# Funny stuff I found while surfing the 'net



## TeresaT (Aug 31, 2016)

I couldn't help but think of myself in the first and my dogs in the second.  Feel free to add your funny stuff!


----------



## Steve85569 (Aug 31, 2016)

Squirrel!


----------



## Arimara (Sep 1, 2016)

MATH! That first one is so me. I could never own a boxer though.


----------



## fuzz-juzz (Sep 1, 2016)

Ha this is so me! I almost fell over yesterday (again!).
My family nicknamed me "walking injury". 
Found this while googling EDS as I'll be mostly likely be diagnosed with it once assessed  (which is another 3 months wait arghhhh).


----------



## TeresaT (Sep 2, 2016)

Arimara said:


> MATH! That first one is so me. I could never own a boxer though.


 
I had Ivy DNA tested.  She's a boxer-jack Russell terrier-American Staffordshire terrier mix.    Boxers never stay still.  Jack Russell's never stay still.  AmStaffs never stay still.   Ivy is the laziest dog I've ever met.  We're perfect for each other.  Actually, that's not true.  She's very active, I'm lazy.  She's adapted to me.  I taker her out on Saturday mornings and leave the other two at home.  She is in heaven and runs my butt off.


----------



## Arimara (Sep 2, 2016)

fuzz-juzz said:


> Ha this is so me! I almost fell over yesterday (again!).
> My family nicknamed me "walking injury".
> Found this while googling EDS as I'll be mostly likely be diagnosed with it once assessed  (which is another 3 months wait arghhhh).



My hips gave me trouble when I was 36 weeks pregnant with my trouble-maker. The shame of being twenty something and walking around with a cane because my hip gave out and I nearly fell.

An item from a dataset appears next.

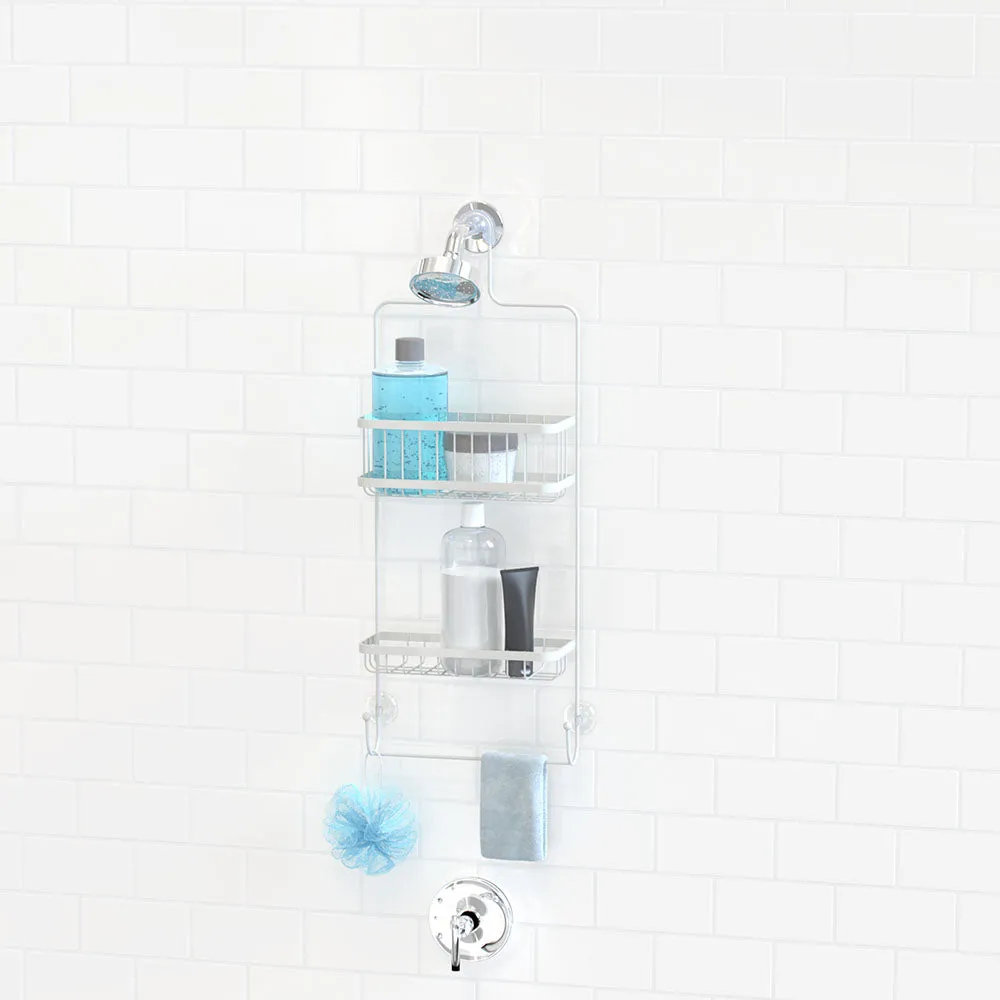 Better Living Products ASTRA 2 Tier Steel Shower Organizer with Hooks (Used)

This is my wall paper from weeks ago. Still is.


----------



## amd (Sep 2, 2016)

Arimara said:


> My hips gave me trouble when I was 36 weeks pregnant with my trouble-maker. The shame of being twenty something and walking around with a cane because my hip gave out and I nearly fell.
> 
> This is my wall paper from weeks ago. Still is.


 
I broke my hip at 35!


----------



## Arimara (Sep 2, 2016)

amd said:


> I broke my hip at 35!



I'm sorry to hear that. I was merely reflecting on an unexpected occurrence during my pregnancy. No offence intended.


----------



## amd (Sep 2, 2016)

Arimara said:


> I'm sorry to hear that. I was merely reflecting on an unexpected occurrence during my pregnancy. No offence intended.



Thanks, but no offense was taken. I was commiserating with you regarding using a cane. I had to use a walker - it was so embarrassing and awkward. At 60 something, sure, but 20's and 30's... Not something we expect to deal with.


----------



## penelopejane (Sep 2, 2016)

fuzz-juzz said:


> Ha this is so me! I almost fell over yesterday (again!).
> My family nicknamed me "walking injury".
> Found this while googling EDS as I'll be mostly likely be diagnosed with it once assessed  (which is another 3 months wait arghhhh).



Sorry to hear that. Especially "another 3 month wait". It's taken 2 years to work out my lung disease and they are getting close. Next Friday's appointment could be the one!


----------



## penelopejane (Sep 2, 2016)

My son's an accountant and wears a T-shirt with this slogan. 
I am thinking of getting one and crossing out the -I'm an accountant - and wearing it around the house.


----------



## TeresaT (Sep 2, 2016)

penelopejane said:


> Sorry to hear that. Especially "another 3 month wait". It's taken 2 years to work out my lung disease and they are getting close. Next Friday's appointment could be the one!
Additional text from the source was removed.